1次光学系72は、電子ビームを試料Wへ照射する。1次光学系72は、プレチャージの帯電用電子ビームと撮像電子ビームの双方の照射を行う。実験結果では、プレチャージのランディングエネルギーLE1と、撮像電子ビームのランディングエネルギーLE2との差異は、好適には5〜20〔eV〕である。

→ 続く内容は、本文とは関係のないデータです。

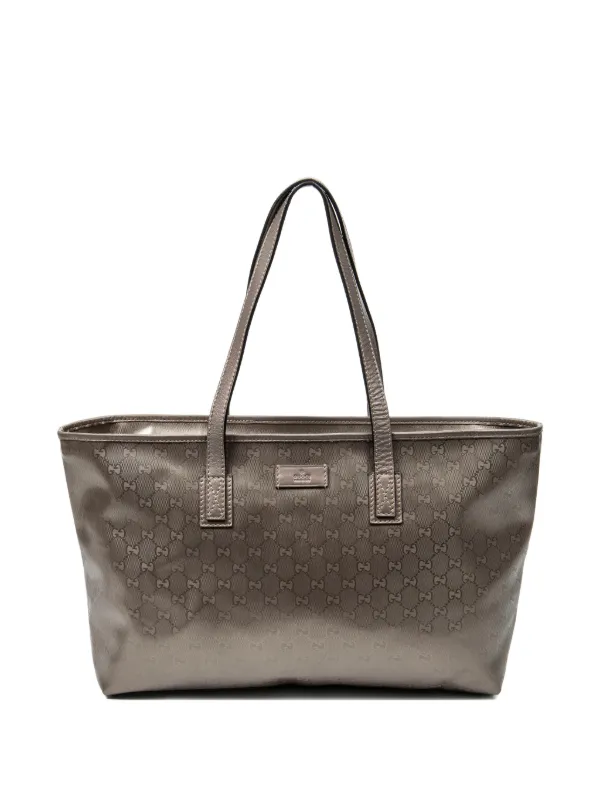 Gucci Pre-owned Imprimé Joy Tote Bag in Grey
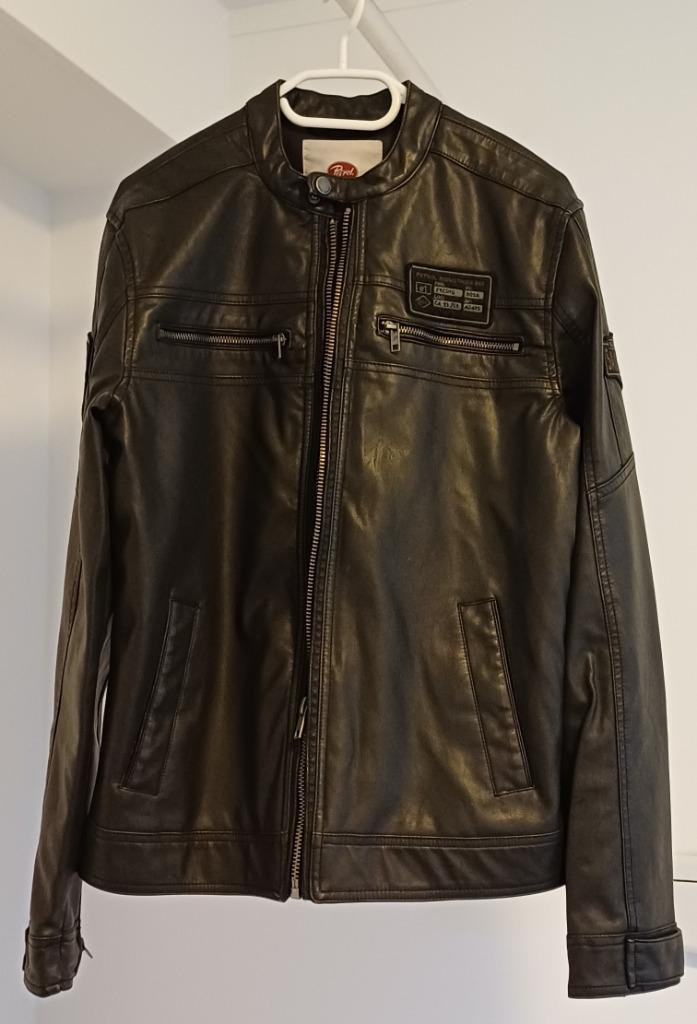 Petrol Industries bikerjack leren jas (nooit gedragen), Kleding | Heren, Jassen | Zomer, Nieuw, Maat 46 (S) of kleiner, Zwart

この点に関し、試料Wの表面21上の異物と周囲との電位差があるときに、プレチャージのランディングエネルギーLE1を負帯電領域で照射したとする。LE1の値に応じて、チャージアップ電圧は異なる。LE1とLE2の相対比が変わるからである(LE2は上記のように撮像電子ビームのランディングエネルギーである)。LE1が大きいとチャージアップ電圧が高くなり、これにより、異物の上方の位置(検出器761により近い位置)で反射ポイントが形成される。この反射ポイントの位置に応じて、ミラー電子の軌道と透過率が変化する。したがって、反射ポイントに応じて、最適なチャージアップ電圧条件が決まる。また、LE1が低すぎると、ミラー電子形成の効率が低下する。このLE1とLE2との差異は、望ましくは5〜20〔eV〕である。また、LE1の値は、好ましくは0〜40〔eV〕であり、更に好ましくは5〜20〔eV〕である。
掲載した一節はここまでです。